A clear sermon is not a complete sermon

"But though a careful analysis of the text should form the basis of all our sermons, there must be something more than mere exegesis, however clear, correct, and instructive. We have to do not only with a dark intellect that needs to be informed, but with a hard heart that needs to be impressed, and a torpid conscience that needs to be awakened; we have to make our hearers feel that in the great business of religion, there is much to be done, as well as much to be known … We must not only direct but impel our hearers. They all know far more than they practice of the Bible: the head is generally far in advance of the heart; and our great business is to persuade, to entreat, to beseech. We have to deal with a dead heavy vis inertiae [at rest stays at rest] of mind; yea more, we have to overcome a stout resistance, and to move a reluctant heart. If all that was necessary to secure the ends of our ministry were to lay the truth before the mind; if the heart were pre-disposed to the subject of our preaching, then like the lecturer on science, we might dispense with the hortatory manner, and confine ourselves exclusively to explanation. Logic unaccompanied by rhetoric would suffice; but when we find every sinner we address, acting in opposition to the dictates of his judgment, and the warnings of his conscience, as well as to the testimony of Scripture; sacrificing the interests of his immortal soul to the vanities of the world, and the corruptions of his heart; madly bent upon his ruin, and rushing to the precipice from which he will take a fatal leap into perdition; can we, in that case, be satisfied with merely explaining, however clearly, and demonstrating, however conclusively, the truth of revelation?"

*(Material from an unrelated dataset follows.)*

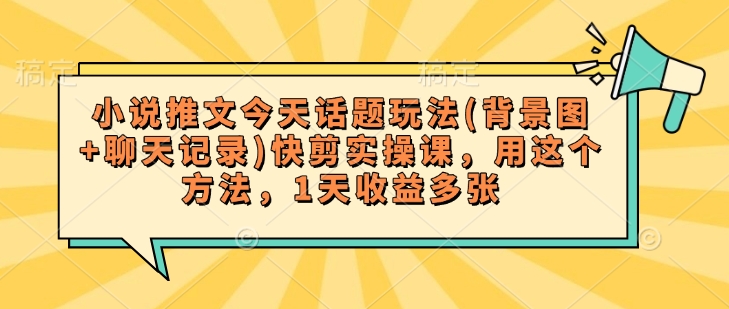 小说推文今天话题玩法(背景图+聊天记录)快剪实操课，用这个方法，1天收益多张-七宝：认真做好一件事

– John Angell James, An Earnest Ministry: The Want of the Times (Banner of Truth, 1847/1993) pp. 87-88.

What earnest preaching does to hearts

"There is a silent and almost unconscious process often going on in the mind of those who are listening to the sermons of a preacher really laboring for the conversion of souls. 'Is he so earnest about my salvation, and shall I care nothing about the matter? Is my eternal happiness so much in his account, and shall it be nothing in mine? I can meet cold logic with counter arguments; or at any rate, I can raise up objections against evidence. I can smile at the artifices of rhetoric, and be merely pleased with the displays of eloquence. I can sit unmoved under sermons which seem intended by the preacher to raise my estimation of himself, but I cannot stand this earnestness about me. The man is evidently intent upon saving my soul. I feel the grasp of his hand upon my arm, as if he would pluck me out of the fire. He has not only made me think, but he has made me feel. His earnestness has subdued me.'"

– John Angell James, An Earnest Ministry: The Want of the Times (Banner of Truth, 1847/1993) pp. 30-31.